SANTA FE, Texas - Nearly two years after the Santa Fe High School massacre, Santa Fe ISD has approved teachers having guns in classrooms.
TIMELINE: What happened that horrific day
The SFISD Board of Trustees confirmed the news on Friday citing the Guardian Program.
In a statement SFISD said: "Under Texas Penal Code Section 46.03, the Guardian Program grants the Board of Trustees the authority to authorize certain individuals to carry a weapon on district property. As a last line of defense measure, the Guardian Program adds to the safety and security infrastructure, training, and resource enhancements that have been taking place across the district over the past several years. The implementation will officially take place following Spring Break. Visibly, you will notice the addition of signage around our school buildings indicating that personnel on campus may be armed. There will be no additional impacts from this implementation on our students, staff, or the day-to-day school routine."
A safety subcommittee made up of Santa Fe ISD parents and community members reportedly recommended the Guardian Program to the school board.
Santa Fe school board president Rusty Norman says the district began looking into having a guardian program five years ago before the mass shooting in May of 2018 that claimed the lives of two teachers and eight students.
"There will be no one forced to participate," Norman said. "It will be strictly voluntary."

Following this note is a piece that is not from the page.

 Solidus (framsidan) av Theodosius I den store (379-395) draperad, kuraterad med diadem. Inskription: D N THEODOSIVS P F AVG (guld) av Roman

All district employees can volunteer.
They must have a license to carry a weapon in Texas.
Norman says the volunteers will undergo psychological evaluations that are similar to those given to police officer applicants.

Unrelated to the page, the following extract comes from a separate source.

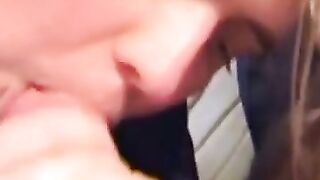 Stor kuk -avsugning i Oreebro, Sverige - Amatör Swedish Porn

"Once they volunteer then they will open themselves up for additional scrutiny," he said.
While everyone is being made aware of the program itself the identities of the guardians will not be common knowledge.

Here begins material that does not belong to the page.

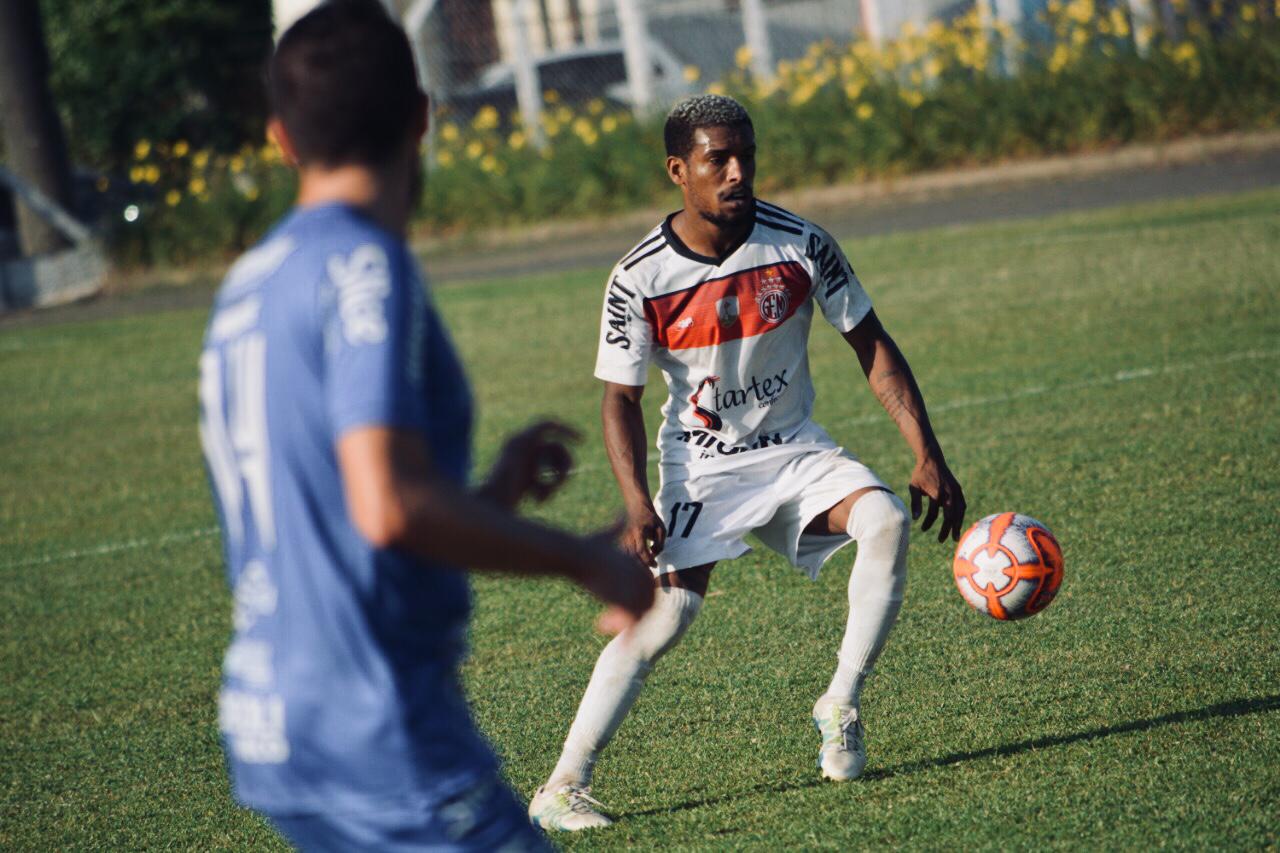 Clássico da Polenta da final da Larm: 1 a 1 no primeiro jogo da decisão 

"There will only be a few people in this district who will now who the guardians are," said Norman.
"I think that's the stupidest thing I've ever heard of," said Rhonda Hart.
Hart lost her daughter Kimberly Vaughn in the Santa Fe mass shooting. She's against the guardian program.
"You're adding more guns into the school into a location where there already was a gun violence event," Hart said.
Santa Fe ISD joins more than 300 school districts across Texas to implement the Guardian Program.
Some important information about the Guardian Program is available below:
• Guardian Program participation is strictly voluntary - no employee will be required to participate, and the district may revoke an employee’s participation at any time.
• Employees who are currently licensed to carry a weapon in the State of Texas are eligible to volunteer and apply to be considered for the Guardian Program.
• The selection process will require criminal background screening, as well as psychological evaluations utilizing the same process and standards as police officer applicants.
• Approved applicants for the Guardian Program will be required to complete a rigorous application process including a minimum of 40 hours of comprehensive classroom/live fire course instruction meeting the same marksmanship qualification standards as a Santa Fe ISD Police Officer.
• Program participants will be required to complete annual training including live fire weapons practice and marksmanship qualifications in order to maintain their eligibility for participation.
• A Guardian is considered a last line of defense for classroom teachers or district employees to protect their own life and the life of any third-party in their charge - the program is not designed for the Guardian to leave their area of responsibility and act as a first responder.
• In the interest of district security and maintaining the integrity of the program, the District will not be releasing the identity or numbers of District employees selected as Guardian program participants in accordance with applicable provisions of the Texas Government Code Chapter 552.
• The implementation of the Guardian Program will take place following Spring Break with signage added around school buildings to indicate that personnel on campus may be armed.
Last year, Gov. Gregg Abbott also signed House Bill 1387, abolishing the cap on how many school marshals can carry guns at public or private schools in the wake of the Santa Fe shooting.
Before the start of this school year, Santa Fe increased its full-time school resource officers from eight to 14, its part-time officers from five to 10, and will also be adding 10 campus security assistants.
Ten people were killed by a gunman in the Santa Fe High School shooting back in May 2018. The victims included two teachers and eight students. Thirteen other people were injured.